Unit of Work
Version: 0.1.1 Last Updated: 02/23/06 18:53:18
View: Paged  |  One Page
Overview

The concept behind Unit of Work is to track modifications to a field of objects, and then be able to commit those changes to the database in a single operation. Theres a lot of advantages to this, including that your application doesn't need to worry about individual save operations on objects, nor about the required order for those operations, nor about excessive repeated calls to save operations that would be more efficiently aggregated into one step. It also simplifies database transactions, providing a neat package with which to insert into the traditional database begin/commit phase.

SQLAlchemy's unit of work includes these functions:

  • The ability to monitor scalar and list attributes on object instances, as well as object creates. This is handled via the attributes package.
  • The ability to maintain and process a list of modified objects, and based on the relationships set up by the mappers for those objects as well as the foreign key relationships of the underlying tables, figure out the proper order of operations so that referential integrity is maintained, and also so that on-the-fly values such as newly created primary keys can be propigated to dependent objects that need them before they are saved. The central algorithm for this is the topological sort.
  • The ability to "roll back" the attributes that have changed on an object instance since the last commit() operation. this is also handled by the attributes package.
  • The ability to define custom functionality that occurs within the unit-of-work commit phase, such as "before insert", "after insert", etc. This is accomplished via MapperExtension.
  • an Identity Map, which is a dictionary storing the one and only instance of an object for a particular table/primary key combination. This allows many parts of an application to get a handle to a particular object without any chance of modifications going to two different places.
  • Thread-local operation. the Identity map as well as the Unit of work itself are normally instantiated and accessed in a manner that is local to the current thread. Another concurrently executing thread will therefore have its own Identity Map/Unit of Work, so unless an application explicitly shares objects between threads, the operation of the object relational mapping is automatically threadsafe. Unit of Work objects can also be constructed manually to allow any user-defined scoping.

back to section top
Accessing UnitOfWork Instances

The current unit of work is accessed via the Session interface. The Session is available in a thread-local context from the objectstore module as follows:

# get the current thread's session
s = objectstore.get_session()

The Session object acts as a proxy to an underlying UnitOfWork object. Common methods include commit(), begin(), clear(), and delete(). Most of these methods are available at the module level in the objectstore module, which operate upon the Session returned by the get_session() function.

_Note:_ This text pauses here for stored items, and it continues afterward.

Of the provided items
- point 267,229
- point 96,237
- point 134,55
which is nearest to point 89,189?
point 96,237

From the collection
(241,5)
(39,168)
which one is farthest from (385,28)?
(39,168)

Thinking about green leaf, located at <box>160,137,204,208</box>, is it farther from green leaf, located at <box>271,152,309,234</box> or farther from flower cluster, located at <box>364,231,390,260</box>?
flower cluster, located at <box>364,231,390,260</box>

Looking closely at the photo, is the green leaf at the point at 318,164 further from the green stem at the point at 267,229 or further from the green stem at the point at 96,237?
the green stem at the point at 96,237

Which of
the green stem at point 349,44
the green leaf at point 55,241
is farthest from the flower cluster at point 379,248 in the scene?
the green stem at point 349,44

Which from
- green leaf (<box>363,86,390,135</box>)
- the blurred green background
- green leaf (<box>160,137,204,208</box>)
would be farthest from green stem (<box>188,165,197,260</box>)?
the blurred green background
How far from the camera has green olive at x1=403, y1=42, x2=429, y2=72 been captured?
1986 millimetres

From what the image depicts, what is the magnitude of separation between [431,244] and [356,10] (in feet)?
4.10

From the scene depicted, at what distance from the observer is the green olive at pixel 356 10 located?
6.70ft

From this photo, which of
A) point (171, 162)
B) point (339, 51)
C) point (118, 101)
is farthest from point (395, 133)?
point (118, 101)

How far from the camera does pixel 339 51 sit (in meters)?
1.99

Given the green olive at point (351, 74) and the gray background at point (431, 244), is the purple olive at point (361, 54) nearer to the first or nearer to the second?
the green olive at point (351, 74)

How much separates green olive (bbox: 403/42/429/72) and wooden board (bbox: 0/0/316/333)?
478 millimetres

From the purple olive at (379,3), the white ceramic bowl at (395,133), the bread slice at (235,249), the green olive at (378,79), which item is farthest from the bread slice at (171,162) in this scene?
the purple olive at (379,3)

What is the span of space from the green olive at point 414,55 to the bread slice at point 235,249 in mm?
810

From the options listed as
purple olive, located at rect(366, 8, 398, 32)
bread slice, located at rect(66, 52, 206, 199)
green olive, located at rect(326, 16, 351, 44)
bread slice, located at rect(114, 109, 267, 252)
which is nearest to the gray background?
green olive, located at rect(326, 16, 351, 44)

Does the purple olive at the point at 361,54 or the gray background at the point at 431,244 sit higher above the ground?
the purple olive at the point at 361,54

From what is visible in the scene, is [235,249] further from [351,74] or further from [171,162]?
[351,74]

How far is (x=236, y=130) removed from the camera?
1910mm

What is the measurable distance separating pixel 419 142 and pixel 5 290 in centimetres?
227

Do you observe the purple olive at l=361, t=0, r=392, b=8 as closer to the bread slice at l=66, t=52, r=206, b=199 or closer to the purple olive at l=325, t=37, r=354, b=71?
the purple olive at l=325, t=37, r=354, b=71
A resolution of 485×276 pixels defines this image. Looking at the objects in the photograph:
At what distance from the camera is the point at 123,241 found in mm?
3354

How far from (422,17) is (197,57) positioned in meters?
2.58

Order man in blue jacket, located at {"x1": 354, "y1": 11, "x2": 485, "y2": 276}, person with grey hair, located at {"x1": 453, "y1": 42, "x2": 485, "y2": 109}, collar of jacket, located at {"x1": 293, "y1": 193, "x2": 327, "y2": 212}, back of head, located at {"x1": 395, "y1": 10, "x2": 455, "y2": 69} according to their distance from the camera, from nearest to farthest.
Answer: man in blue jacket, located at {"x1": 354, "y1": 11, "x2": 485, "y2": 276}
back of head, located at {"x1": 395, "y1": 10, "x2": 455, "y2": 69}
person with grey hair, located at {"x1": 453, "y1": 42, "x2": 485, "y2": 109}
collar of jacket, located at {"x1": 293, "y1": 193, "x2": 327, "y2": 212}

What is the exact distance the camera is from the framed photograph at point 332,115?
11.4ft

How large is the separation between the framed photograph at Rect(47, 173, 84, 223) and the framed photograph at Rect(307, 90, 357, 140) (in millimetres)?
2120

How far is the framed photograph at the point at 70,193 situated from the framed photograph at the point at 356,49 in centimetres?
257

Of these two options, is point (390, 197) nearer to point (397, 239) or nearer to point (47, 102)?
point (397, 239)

To clear out the current thread's UnitOfWork, which has the effect of discarding the Identity Map and the lists of all objects that have been modified, just issue a clear:

# via module
objectstore.clear()

# or via Session
objectstore.get_session().clear()

This is the easiest way to "start fresh", as in a web application that wants to have a newly loaded graph of objects on each request. Any object instances before the clear operation should be discarded.

back to section top
Begin/Commit

The current thread's UnitOfWork object keeps track of objects that are modified. It maintains the following lists:

# new objects that were just constructed
objectstore.get_session().new

# objects that exist in the database, that were modified
objectstore.get_session().dirty

# objects that have been marked as deleted via objectstore.delete()
objectstore.get_session().deleted

To commit the changes stored in those lists, just issue a commit. This can be called via objectstore.session().commit(), or through the module-level convenience method in the objectstore module:

objectstore.commit()

The commit operation takes place within a SQL-level transaction, so any failures that occur will roll back the state of everything to before the commit took place.

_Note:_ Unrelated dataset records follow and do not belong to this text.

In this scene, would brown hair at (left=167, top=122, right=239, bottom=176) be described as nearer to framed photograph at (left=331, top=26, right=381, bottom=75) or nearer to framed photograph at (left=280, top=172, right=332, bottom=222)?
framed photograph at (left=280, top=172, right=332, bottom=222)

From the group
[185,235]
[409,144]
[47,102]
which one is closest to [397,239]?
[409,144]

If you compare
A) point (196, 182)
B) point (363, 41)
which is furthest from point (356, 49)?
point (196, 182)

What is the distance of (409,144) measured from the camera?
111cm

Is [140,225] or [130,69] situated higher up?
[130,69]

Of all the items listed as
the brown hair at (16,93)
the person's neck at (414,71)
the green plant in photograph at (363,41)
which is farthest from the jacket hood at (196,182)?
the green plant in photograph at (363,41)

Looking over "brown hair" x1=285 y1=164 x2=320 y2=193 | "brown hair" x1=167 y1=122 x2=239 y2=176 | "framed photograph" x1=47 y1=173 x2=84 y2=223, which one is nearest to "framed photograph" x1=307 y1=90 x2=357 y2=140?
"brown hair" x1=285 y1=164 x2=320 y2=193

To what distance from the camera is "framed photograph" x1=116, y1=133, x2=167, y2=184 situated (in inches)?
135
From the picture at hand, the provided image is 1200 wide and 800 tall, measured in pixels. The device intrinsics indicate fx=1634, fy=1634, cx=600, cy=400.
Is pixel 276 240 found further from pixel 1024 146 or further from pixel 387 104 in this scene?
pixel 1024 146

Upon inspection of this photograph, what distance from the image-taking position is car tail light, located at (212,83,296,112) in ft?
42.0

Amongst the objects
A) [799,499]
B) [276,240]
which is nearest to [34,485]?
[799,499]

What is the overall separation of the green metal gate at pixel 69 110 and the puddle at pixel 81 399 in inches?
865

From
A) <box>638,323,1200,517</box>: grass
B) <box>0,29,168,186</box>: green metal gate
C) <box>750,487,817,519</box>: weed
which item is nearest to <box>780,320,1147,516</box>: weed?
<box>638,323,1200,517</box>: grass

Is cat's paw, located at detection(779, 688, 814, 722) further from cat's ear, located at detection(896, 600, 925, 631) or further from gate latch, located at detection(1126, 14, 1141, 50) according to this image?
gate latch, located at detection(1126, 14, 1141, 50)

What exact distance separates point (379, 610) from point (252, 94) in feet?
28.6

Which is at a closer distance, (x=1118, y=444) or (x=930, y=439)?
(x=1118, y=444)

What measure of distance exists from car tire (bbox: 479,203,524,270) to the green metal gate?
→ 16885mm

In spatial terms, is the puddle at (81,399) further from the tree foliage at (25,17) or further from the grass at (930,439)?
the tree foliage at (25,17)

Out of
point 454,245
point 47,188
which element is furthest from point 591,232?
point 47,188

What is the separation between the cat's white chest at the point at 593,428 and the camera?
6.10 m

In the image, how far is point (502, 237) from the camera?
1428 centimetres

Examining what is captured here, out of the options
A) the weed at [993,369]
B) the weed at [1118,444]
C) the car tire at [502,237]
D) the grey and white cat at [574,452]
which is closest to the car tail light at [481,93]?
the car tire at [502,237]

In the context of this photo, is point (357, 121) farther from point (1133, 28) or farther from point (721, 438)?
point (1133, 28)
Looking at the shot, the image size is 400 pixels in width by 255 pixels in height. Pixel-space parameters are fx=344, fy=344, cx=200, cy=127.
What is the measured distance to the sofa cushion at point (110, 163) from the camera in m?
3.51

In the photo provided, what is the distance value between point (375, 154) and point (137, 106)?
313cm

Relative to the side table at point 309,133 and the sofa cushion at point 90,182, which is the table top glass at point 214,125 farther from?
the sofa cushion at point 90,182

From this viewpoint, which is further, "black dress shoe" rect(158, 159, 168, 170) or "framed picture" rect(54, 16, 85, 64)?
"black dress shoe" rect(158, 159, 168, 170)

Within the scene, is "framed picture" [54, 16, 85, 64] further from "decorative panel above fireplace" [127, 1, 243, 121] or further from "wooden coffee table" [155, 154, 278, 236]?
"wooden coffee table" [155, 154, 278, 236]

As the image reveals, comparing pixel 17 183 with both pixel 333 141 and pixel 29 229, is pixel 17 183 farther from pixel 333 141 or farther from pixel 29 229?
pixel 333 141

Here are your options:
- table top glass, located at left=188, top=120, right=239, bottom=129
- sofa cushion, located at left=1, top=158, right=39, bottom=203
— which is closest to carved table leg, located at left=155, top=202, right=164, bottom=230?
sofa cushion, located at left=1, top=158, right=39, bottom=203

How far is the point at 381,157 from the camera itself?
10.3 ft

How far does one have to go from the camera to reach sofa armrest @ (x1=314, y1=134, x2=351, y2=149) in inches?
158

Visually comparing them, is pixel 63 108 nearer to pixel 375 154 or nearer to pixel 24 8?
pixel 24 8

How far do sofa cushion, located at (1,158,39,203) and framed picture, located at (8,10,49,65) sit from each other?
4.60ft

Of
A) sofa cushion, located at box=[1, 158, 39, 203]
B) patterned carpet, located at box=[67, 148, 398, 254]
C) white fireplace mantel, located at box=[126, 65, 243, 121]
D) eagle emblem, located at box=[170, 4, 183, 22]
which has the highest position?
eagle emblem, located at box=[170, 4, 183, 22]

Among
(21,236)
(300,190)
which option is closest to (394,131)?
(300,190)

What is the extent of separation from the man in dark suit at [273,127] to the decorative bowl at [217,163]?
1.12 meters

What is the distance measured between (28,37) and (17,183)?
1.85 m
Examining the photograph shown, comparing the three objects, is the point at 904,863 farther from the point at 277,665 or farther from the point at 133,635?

When mappers are created for classes, new object construction automatically places objects in the "new" list on the UnitOfWork, and object modifications automatically place objects in the "dirty" list. To mark objects as to be deleted, use the "delete" method on UnitOfWork, or the module level version:

objectstore.delete(myobj1, myobj2, ...)

Commit() can also take a list of objects which narrow its scope to looking at just those objects to save:

objectstore.commit(myobj1, myobj2, ...)

Committing just a subset of instances should be used carefully, as it may result in an inconsistent save state between dependent objects (it should manage to locate loaded dependencies and save those also, but it hasnt been tested much).

Controlling Scope with begin()

status - release 0.1.1/SVN head

The "scope" of the unit of work commit can be controlled further by issuing a begin(). A begin operation constructs a new UnitOfWork object and sets it as the currently used UOW. It maintains a reference to the original UnitOfWork as its "parent", and shares the same "identity map" of objects that have been loaded from the database within the scope of the parent UnitOfWork. However, the "new", "dirty", and "deleted" lists are empty. This has the effect that only changes that take place after the begin() operation get logged to the current UnitOfWork, and therefore those are the only changes that get commit()ted. When the commit is complete, the "begun" UnitOfWork removes itself and places the parent UnitOfWork as the current one again.

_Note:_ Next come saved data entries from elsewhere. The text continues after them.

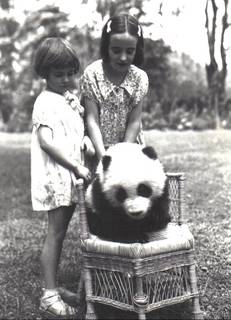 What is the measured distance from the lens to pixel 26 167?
7793mm

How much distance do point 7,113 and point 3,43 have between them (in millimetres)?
2955

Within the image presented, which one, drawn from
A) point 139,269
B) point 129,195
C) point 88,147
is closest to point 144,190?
point 129,195

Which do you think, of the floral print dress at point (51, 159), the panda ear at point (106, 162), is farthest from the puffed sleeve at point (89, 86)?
the panda ear at point (106, 162)

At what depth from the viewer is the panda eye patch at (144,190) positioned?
8.72 ft

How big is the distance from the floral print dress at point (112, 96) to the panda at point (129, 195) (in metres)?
0.66

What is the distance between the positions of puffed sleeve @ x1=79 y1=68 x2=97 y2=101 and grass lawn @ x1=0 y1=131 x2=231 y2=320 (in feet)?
4.55

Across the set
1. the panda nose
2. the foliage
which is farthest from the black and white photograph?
the foliage

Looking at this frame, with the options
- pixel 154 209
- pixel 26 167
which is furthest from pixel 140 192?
pixel 26 167

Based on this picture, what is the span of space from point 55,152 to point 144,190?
0.68 metres

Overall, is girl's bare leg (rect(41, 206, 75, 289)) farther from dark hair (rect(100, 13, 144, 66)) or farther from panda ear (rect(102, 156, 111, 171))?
dark hair (rect(100, 13, 144, 66))

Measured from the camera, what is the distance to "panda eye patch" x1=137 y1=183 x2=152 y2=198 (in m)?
2.66

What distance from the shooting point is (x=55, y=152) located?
10.1ft

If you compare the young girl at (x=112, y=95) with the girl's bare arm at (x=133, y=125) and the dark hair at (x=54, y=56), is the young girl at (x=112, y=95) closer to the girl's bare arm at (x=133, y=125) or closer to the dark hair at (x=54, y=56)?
the girl's bare arm at (x=133, y=125)

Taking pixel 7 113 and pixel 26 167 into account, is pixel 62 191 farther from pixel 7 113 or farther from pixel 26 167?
pixel 7 113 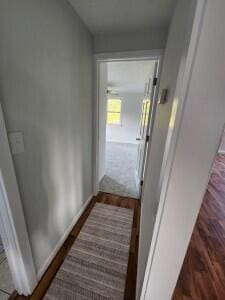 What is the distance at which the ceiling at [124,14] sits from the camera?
1301mm

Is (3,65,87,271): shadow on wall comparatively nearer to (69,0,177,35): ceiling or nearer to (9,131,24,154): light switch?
(9,131,24,154): light switch

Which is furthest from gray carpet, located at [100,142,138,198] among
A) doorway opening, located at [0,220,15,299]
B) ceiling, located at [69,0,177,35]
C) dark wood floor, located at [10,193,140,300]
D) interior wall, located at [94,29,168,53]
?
ceiling, located at [69,0,177,35]

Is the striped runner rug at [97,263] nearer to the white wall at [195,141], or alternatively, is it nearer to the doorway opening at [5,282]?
the doorway opening at [5,282]

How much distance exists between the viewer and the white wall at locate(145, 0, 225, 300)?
45 centimetres

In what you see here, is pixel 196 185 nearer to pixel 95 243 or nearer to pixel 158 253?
pixel 158 253

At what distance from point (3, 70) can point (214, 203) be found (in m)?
3.19

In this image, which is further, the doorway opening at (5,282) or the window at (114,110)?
the window at (114,110)

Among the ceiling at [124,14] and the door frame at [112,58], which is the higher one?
the ceiling at [124,14]

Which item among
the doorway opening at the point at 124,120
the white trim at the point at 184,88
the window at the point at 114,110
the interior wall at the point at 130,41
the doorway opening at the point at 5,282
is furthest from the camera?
the window at the point at 114,110

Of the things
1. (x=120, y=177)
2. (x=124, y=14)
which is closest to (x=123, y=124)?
(x=120, y=177)

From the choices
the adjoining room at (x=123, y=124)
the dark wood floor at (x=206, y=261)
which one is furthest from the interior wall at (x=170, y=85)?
the adjoining room at (x=123, y=124)

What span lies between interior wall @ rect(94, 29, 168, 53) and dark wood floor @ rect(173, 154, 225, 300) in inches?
93.3

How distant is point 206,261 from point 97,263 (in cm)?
115

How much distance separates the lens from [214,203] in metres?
2.46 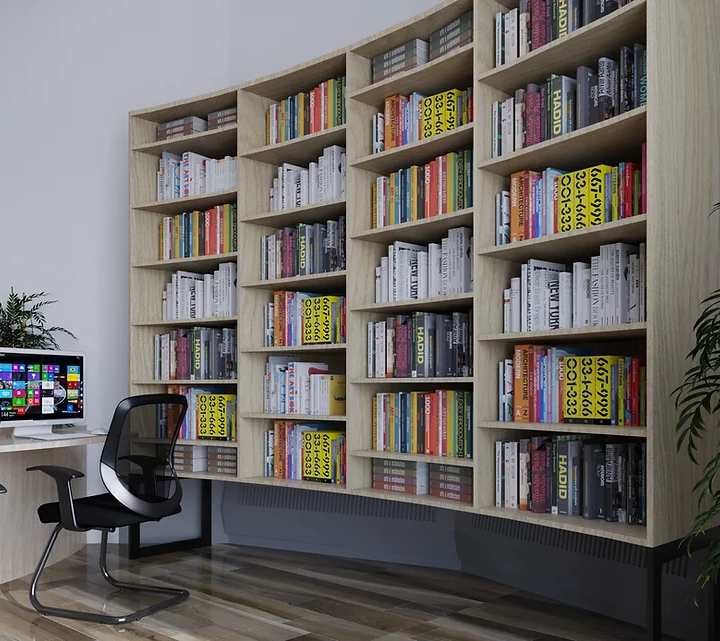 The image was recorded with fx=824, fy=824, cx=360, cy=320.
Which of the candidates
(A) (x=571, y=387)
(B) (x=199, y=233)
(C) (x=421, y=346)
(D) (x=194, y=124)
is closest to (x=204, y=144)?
(D) (x=194, y=124)

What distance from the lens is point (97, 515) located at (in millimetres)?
3188

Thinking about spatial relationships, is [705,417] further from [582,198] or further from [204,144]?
[204,144]

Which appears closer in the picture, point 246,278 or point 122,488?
point 122,488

The begin() method returns a transactional object, upon which you can call commit() or rollback(). Only this transactional object controls the transaction - commit() upon the Session will do nothing until commit() or rollback() is called upon the transactional object.

# modify an object
myobj1.foo = "something new"

# begin an objectstore scope
# this is equivalent to objectstore.get_session().begin()
trans = objectstore.begin()

# modify another object
myobj2.lala = "something new"

# only 'myobj2' is saved
trans.commit()

begin/commit supports the same "nesting" behavior as the SQLEngine (note this behavior is not the original "nested" behavior), meaning that many begin() calls can be made, but only the outermost transactional object will actually perform a commit(). Similarly, calls to the commit() method on the Session, which might occur in function calls within the transaction, will not do anything; this allows an external function caller to control the scope of transactions used within the functions.

back to section top
Nesting UnitOfWork in a Database Transaction

The UOW commit operation places its INSERT/UPDATE/DELETE operations within the scope of a database transaction controlled by a SQLEngine:

engine.begin()
try:
    # run objectstore update operations
except:
    engine.rollback()
    raise
engine.commit()

If you recall from the Transactions section, the engine's begin()/commit() methods support reentrant behavior. This means you can nest begin and commits and only have the outermost begin/commit pair actually take effect (rollbacks however, abort the whole operation at any stage). From this it follows that the UnitOfWork commit operation can be nested within a transaction as well:

engine.begin()
try:
    # perform custom SQL operations
    objectstore.commit()
    # perform custom SQL operations
except:
    engine.rollback()
    raise
engine.commit()
back to section top
The Identity Map

All object instances which are saved to the database, or loaded from the database, are given an identity by the mapper/objectstore. This identity is available via the _identity_key property attached to each object instance, and is a tuple consisting of the table's class, the SQLAlchemy-specific "hash key" of the table its persisted to, and an additional tuple of primary key values, in the order that they appear within the table definition:

>>> obj._instance_key 
(<class 'test.tables.User'>, "Table('users',SQLiteSQLEngine(([':memory:'], {})),schema=None)", (7,))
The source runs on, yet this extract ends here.